Selain soal pelengseran para Pangdam yang dianggap “hijau” berdasarkan informasi Moerdani. Jusuf Wanandi juga mencatat kontak Wiranto lainnya dengan Benny. Menurut petinggi CSIS tersebut, beberapa saat setelah dilantik sebagao KSAD pada juni 1997, Wiranto menemui Moerdani untuk minta bantuan. Respons Benny,
“Jangan berilusi. Orang tua itu tidak senang pada saya, tidak percaya kepada saya. Jadi kau harus tetap di situ sebab kau satu-satunya orang kita di situ. Jangan berbuat salah dan jangan dekat dengan saya sebab kau akan dihabisi Soeharto jika dia tahu”
****** akhir kutipan *****
Salim Said sempat berjumpa dengan Jenderal Wiranto, di Studio Metro TV pada 22 Oktober 2012 dan menuliskan
****** awal kutipan *****
“Tidak benar semua cerita itu,” komentar Wiranto mengenai apa yang ditulis Jusuf Wanandi mengenai hubungannya dengan Benny. Kata Wiranto selanjutnya.
“Demi Allah, sayat tidak pernah berhubungan dengan Pak Benny secara pribadi. Saya jumpa hanya pada acara-acara resmi. Dan tidak ada lima Panglima Kodam yang saya ganti waktu itu. Dalam soal ABRI “Hijau” dan “Merah Putih” saya memang selalu kena fitnah.”
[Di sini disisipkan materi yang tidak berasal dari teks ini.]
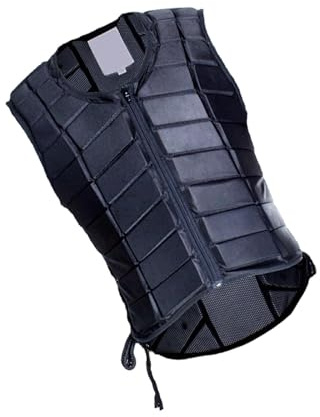 Pegciuho Gilet da Equitazione Nero Traspirante per Uomo E Donna, Protettivo, Gilet Equestre, M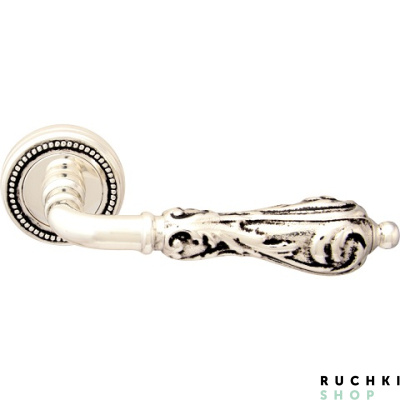 Ручка на розетке 50L LIBRA 229L, Серебро с чернением, Melodia 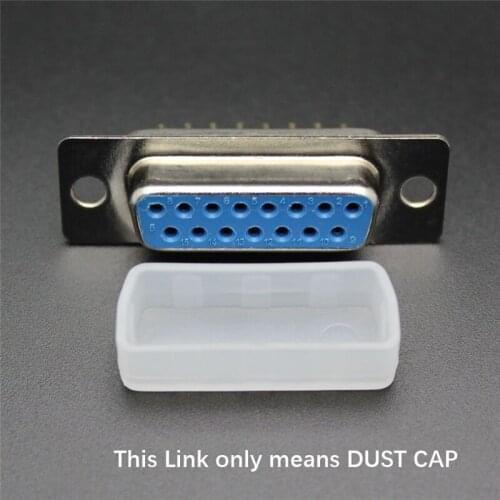 100pcs dust cover for DVI female dust cap DB 15 PIN double row female socket protective cap free shipping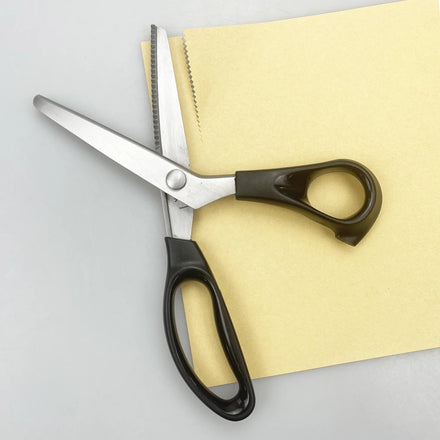 Scalloped 3mm Pinking Shears Dressmaking Scissors Serrated Blades for Decorative Patterns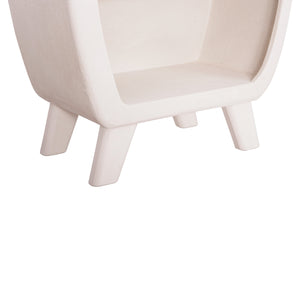 ΡΑΦΙΕΡΑ ΣΕΙΡΑ SANTORINI HM18067 MDF ΣΕ ΥΠΟΛΕΥΚΟ ΧΡΩΜΑ 80x38x196Υεκ. - Pakobazaar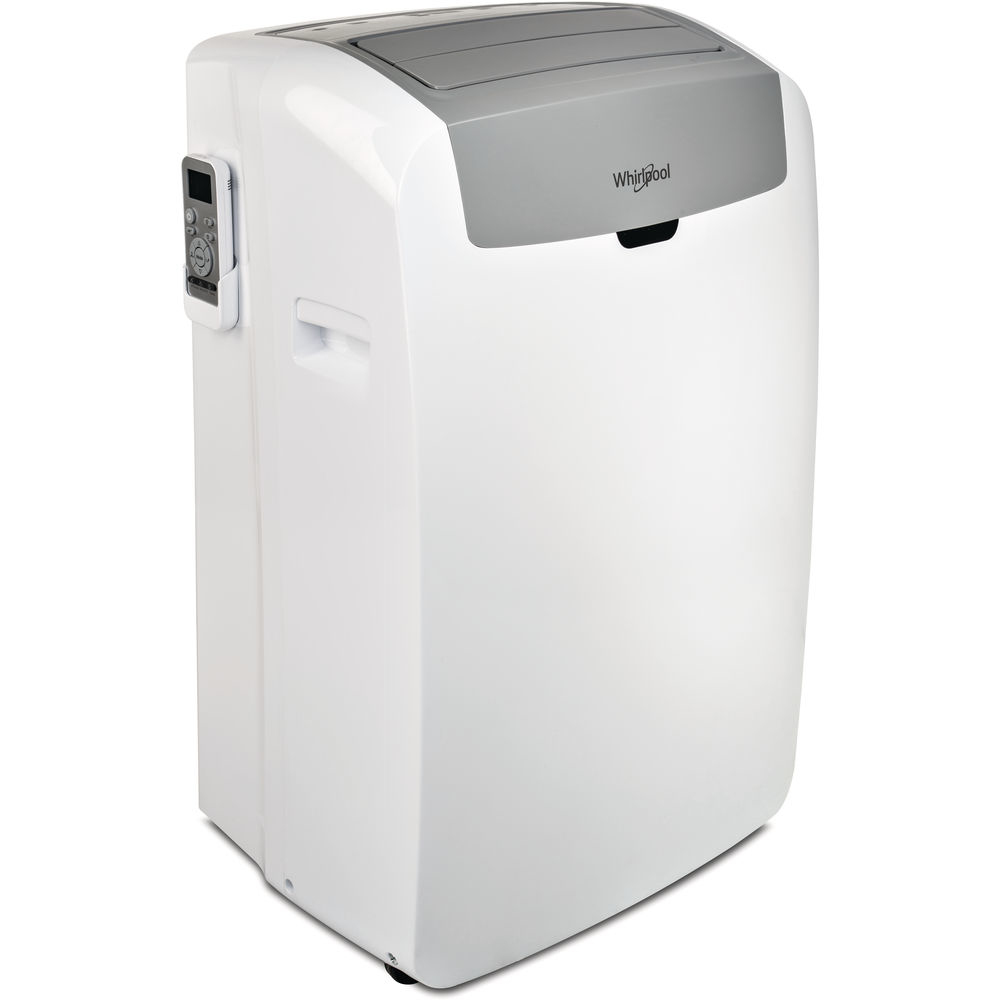 Whirlpool PACW212HP Mobiele Airco - Koeling, Luchtontvochtigen, Verhitting - 12000 BTU/h - Grijs, Wit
Pada mulanya barangkali Benny memang hanya menjalankan kebijakan Soeharto. Tapi mengingat sikap dan latar belakangnya yang secara prinsipil dari awal memang kurang bersahabat kepada Islam, maka masyarakat Islam Indonesia akhirnya cenderung melupakan bahwa Soeharto-lah sebenarya yang mula-mula menggariskan kebijakan sikap keras terhadap Islam.
Benny dan Ali Murtopo hanya menafsirkan serta melaksanakannya. Tentu menurut penafsiran dan selera masing-masing kedua tokoh intel tersebut.
****** akhir kutipan ******
Jadi dapat kita ketahui bahwa pada waktu itu ada istilah ABRI “Hijau” yang diisi perwira yang dekat dengan Islam dan pesantren dan ABRI “Merah Putih” yang diisi perwira nasionalis yang condong kepada paham Sekularisme.